Legendary investor Jeremy Grantham has issued a warning about the US housing market as mortgage rates rise, saying a property crash would be much more dangerous for the economy than a drop in stocks.

“2000 showed you can just about skate through a stock market event,” Grantham said in an interview with Bloomberg columnist John Authers on Wednesday, published Friday. “But Japan and 2008 showed you can’t skate through a housing crisis.”

Grantham predicted in January that one of the few great market “superbubbles” in modern history is about to pop. On top of worrying signs in stock markets, Grantham thinks housing markets look particularly dangerous, he said earlier this year.

House prices have surged in the US since the start of the coronavirus pandemic, as the Federal Reserve and government have pumped stimulus into the economy and supply has failed to keep up with demand.

However, the Fed’s moves to raise interest rates and end the easy-money era are heightening concerns among some analysts about the housing market.

In the two years to February 2022, the S&P Case-Shiller US national home price index surged by more than one-third, aided by ultra-low interest rates on mortgages.

Yet the Fed’s interest-rate increases — which took the target rate range to 0.75% to 1% this week — and its plans to go even further have pushed up bond yields and mortgage rates.

The average 30-year mortgage rate hit 5.27% this week, its highest level since 2009, according to Freddie Mac.

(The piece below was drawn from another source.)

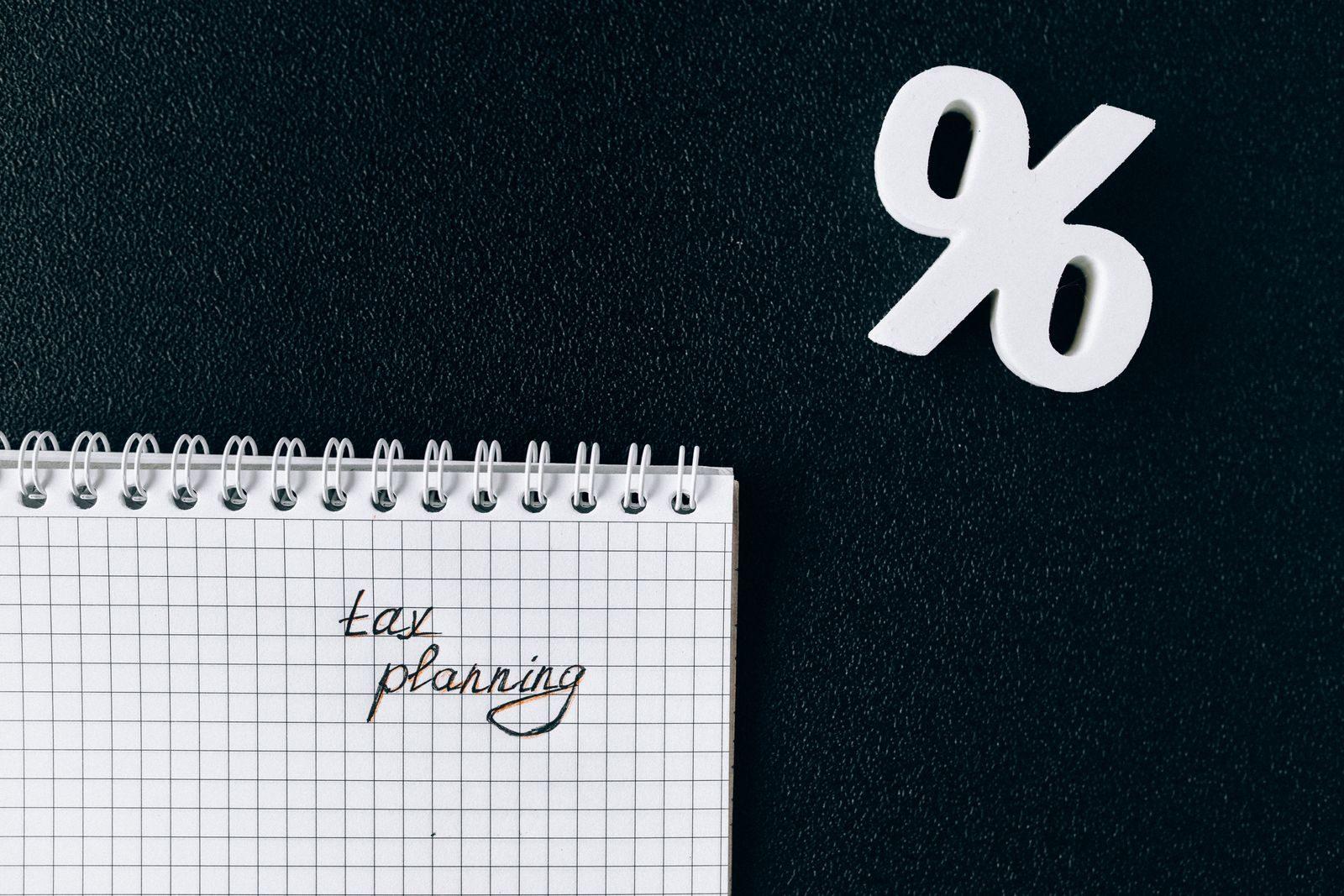 A notebook with 'tax planning' written on a grid paper next to a percent symbol on a black background.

Grantham warned last year that there would eventually be a “day of reckoning” for housing markets around the world after huge price increases.

The famed investor, who co-founded GMO in the 1970s, has long said that Japan’s experience in the 1990s should act as a warning when it comes to housing.

In Japan, property prices peaked in 1991 and crashed dramatically. They are still yet to recover, with the property market a key factor weighing on Japan’s economy over the last decade.

Grantham told Bloomberg on Wednesday that stocks are selling off sharply, as investors begin to realize that the world economy has changed dramatically and inflation is here to stay.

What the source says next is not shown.